Friks de kalacağını söylemişti. Zaten Mavi kalınca o da kalacaktı, adamın kuyruğu gibiydi. Livei ona karşı öfkeliydi, neden olduğunu bilmiyordu ancak öfkeliydi. Başka bir şeye duyduğu öfkeyi ona yansıtıyor olabilirdi ancak biraz evvelki tavırlarından hiç hoşlanmamıştı. Patrona aniden yükselişi, saygısızca konuşmaları, Mavi çıkar çıkmaz beylik taslayıp esip gürlemesi, kendisini de peşinden sürüklemeye çalışması gibi davranışları genç adamın gözünden düşmesine sebep olmuştu. Kalacağını duyunca omuz silkti. Dönüp yüzüne bakmadı bile. Patronun Mavi'ye sarılmasını gülümseyerek izledi. İntikamını almaya yardım etmek istediğini duyunca başını iki yana salladı. Onun yaşındaki bir adamın kendini bu duruma atması iyi olmazdı. O içi rahat bir şekilde Gedhilfe'nin yükselişini izler ve Mavileri bir arada tutardı. İntikam işini genç kız halledecekti. Hükümet devrildikten sonra her haksızlığın, her adiliğin, her fesatın ve her kötülüğün hesabı tek tek görülecekti.

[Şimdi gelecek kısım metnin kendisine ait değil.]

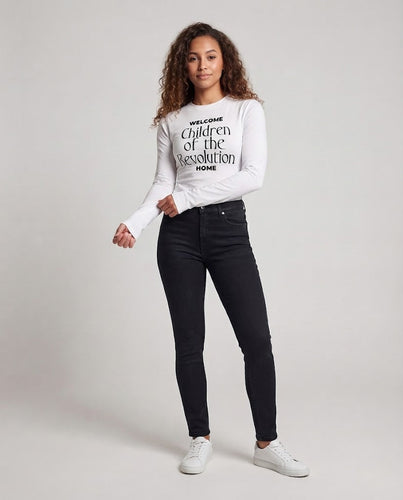Damen Enganliegendes Cropped-Langarmshirt mit Statement-Print Drune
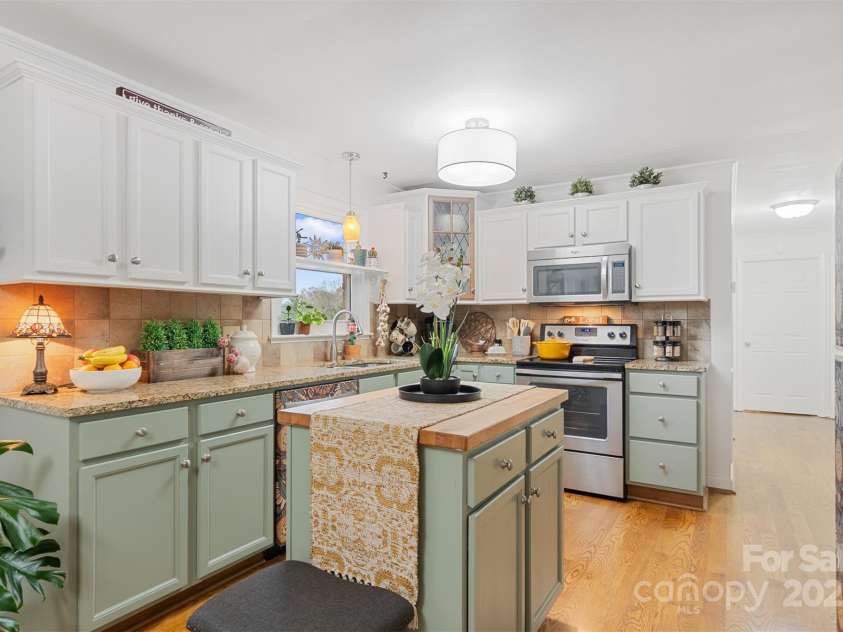 663 14th Avenue, Hickory, NC 28601.  MLS# CAR4206584, YatesRealty ID 1148.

Dhæcho ile konuşmak üzere onun kapısının önüne gelmişlerdi. Dyoch tek kopyası Himota'da kalmış bir kitaptan bahsetti. Livei kadar kitap okumayı seven birisi bile artık kitap adı duyunca kusmak istiyordu. Ne önemi vardı ki şu an? O kitabın içinde yazanlardan kime neydi? Zaten deney yapıldığını biliyorlardı. Onların başına gelmişti, Friks'in başına gelmişti. Daha fazla deney detayı okumalarının ne faydası vardı? Bir boka yaramayacaktı ve kimseyi inandıramayacaklardı. Bir an önce hükümetin bu zalimliği durdurması üzerine çalışmaları gerekiyordu. Kitap için dertlenmenin zamanı mıydı şimdi? Mavi'nin absürt sorusu üzerine bıkkın bir ifadeyle "Onların üzerinde deney yapılabileceğini Friks'in durumunu öğrenince ben bile tahmin ettim." dedi gözlerini devirerek. Bazen gerçekten fazla zekice şeyler söylüyorlardı.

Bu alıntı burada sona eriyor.